## What is expected
Both the line below containing "Used Jeep Grand" and the line containing "Hotel Ariana Residency", along with every line between them, should be repeated exactly; no other line belongs in the answer.

◆ ◆ ◆

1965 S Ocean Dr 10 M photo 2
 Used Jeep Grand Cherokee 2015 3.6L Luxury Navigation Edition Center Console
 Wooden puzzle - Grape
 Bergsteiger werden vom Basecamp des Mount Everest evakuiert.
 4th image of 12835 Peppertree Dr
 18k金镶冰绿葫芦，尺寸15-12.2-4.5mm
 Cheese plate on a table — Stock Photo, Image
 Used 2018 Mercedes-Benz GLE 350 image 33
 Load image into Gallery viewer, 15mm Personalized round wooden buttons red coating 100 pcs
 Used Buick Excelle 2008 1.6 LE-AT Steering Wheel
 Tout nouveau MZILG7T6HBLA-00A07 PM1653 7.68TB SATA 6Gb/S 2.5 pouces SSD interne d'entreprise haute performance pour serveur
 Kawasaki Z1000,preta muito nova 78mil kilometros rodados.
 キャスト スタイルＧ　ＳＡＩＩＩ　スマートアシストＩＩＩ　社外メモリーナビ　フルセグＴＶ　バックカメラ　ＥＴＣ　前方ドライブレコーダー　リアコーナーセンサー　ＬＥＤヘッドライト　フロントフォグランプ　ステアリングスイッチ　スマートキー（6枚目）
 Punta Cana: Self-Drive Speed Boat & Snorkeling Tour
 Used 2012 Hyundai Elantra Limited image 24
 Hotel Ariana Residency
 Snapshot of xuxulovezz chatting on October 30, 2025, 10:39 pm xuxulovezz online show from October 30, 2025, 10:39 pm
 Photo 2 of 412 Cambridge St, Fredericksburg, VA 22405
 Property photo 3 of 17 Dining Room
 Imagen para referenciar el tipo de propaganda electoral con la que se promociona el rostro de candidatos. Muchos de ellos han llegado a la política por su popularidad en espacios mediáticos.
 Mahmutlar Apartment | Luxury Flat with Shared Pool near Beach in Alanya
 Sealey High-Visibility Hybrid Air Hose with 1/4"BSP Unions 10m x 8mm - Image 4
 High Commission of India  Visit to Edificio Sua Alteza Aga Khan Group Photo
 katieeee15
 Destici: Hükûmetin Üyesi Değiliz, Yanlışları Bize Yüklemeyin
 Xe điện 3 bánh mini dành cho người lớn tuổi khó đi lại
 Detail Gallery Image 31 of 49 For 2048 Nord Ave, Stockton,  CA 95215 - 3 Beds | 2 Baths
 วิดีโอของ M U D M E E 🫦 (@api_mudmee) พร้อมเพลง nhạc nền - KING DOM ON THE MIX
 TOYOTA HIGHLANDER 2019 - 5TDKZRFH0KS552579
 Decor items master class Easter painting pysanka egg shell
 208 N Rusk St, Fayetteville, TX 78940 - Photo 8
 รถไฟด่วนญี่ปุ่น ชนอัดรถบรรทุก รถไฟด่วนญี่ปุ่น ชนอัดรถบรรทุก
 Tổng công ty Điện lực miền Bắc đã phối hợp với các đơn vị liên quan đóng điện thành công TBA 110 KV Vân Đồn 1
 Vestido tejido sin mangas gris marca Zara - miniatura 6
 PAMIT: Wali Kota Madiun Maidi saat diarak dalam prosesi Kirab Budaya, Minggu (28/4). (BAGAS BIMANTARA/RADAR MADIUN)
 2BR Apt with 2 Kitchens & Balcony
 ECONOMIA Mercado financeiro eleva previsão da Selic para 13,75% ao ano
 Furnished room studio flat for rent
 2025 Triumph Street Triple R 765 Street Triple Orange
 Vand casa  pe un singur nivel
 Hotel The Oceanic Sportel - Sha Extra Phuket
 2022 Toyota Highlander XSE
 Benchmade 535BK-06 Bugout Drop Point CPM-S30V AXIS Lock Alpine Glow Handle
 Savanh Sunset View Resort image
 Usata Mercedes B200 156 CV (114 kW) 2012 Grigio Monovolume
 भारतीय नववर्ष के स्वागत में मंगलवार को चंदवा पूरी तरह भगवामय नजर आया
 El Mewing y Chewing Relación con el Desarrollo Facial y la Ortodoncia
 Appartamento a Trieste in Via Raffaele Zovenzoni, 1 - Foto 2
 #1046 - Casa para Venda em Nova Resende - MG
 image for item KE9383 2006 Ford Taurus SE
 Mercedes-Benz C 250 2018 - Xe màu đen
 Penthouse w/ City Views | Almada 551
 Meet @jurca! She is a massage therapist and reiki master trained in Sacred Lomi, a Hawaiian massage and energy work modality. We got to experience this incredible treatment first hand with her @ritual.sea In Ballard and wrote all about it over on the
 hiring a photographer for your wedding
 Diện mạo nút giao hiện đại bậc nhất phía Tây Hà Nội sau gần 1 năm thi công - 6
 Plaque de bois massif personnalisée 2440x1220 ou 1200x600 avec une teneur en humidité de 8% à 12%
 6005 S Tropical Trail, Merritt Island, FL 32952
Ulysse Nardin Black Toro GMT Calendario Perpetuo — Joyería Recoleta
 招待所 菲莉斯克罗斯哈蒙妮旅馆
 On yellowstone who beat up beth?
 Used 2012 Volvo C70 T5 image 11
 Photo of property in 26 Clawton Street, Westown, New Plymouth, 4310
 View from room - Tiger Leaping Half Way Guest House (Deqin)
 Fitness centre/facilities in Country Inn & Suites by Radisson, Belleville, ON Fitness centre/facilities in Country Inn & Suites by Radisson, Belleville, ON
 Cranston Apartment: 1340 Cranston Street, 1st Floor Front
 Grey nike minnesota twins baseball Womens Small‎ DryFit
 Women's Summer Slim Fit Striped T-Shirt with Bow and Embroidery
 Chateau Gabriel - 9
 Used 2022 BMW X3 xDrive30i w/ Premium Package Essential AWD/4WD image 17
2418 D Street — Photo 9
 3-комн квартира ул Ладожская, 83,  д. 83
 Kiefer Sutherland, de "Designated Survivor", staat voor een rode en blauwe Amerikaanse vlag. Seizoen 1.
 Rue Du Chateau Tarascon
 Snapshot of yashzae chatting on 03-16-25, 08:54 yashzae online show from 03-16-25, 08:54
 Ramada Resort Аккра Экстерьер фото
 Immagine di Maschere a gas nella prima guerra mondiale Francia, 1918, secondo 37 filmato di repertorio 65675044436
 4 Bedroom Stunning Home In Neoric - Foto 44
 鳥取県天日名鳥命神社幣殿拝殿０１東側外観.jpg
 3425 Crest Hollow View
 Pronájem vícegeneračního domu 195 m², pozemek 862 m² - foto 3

◆ ◆ ◆

## Task result
 Used Jeep Grand Cherokee 2015 3.6L Luxury Navigation Edition Center Console
 Wooden puzzle - Grape
 Bergsteiger werden vom Basecamp des Mount Everest evakuiert.
 4th image of 12835 Peppertree Dr
 18k金镶冰绿葫芦，尺寸15-12.2-4.5mm
 Cheese plate on a table — Stock Photo, Image
 Used 2018 Mercedes-Benz GLE 350 image 33
 Load image into Gallery viewer, 15mm Personalized round wooden buttons red coating 100 pcs
 Used Buick Excelle 2008 1.6 LE-AT Steering Wheel
 Tout nouveau MZILG7T6HBLA-00A07 PM1653 7.68TB SATA 6Gb/S 2.5 pouces SSD interne d'entreprise haute performance pour serveur
 Kawasaki Z1000,preta muito nova 78mil kilometros rodados.
 キャスト スタイルＧ　ＳＡＩＩＩ　スマートアシストＩＩＩ　社外メモリーナビ　フルセグＴＶ　バックカメラ　ＥＴＣ　前方ドライブレコーダー　リアコーナーセンサー　ＬＥＤヘッドライト　フロントフォグランプ　ステアリングスイッチ　スマートキー（6枚目）
 Punta Cana: Self-Drive Speed Boat & Snorkeling Tour
 Used 2012 Hyundai Elantra Limited image 24
 Hotel Ariana Residency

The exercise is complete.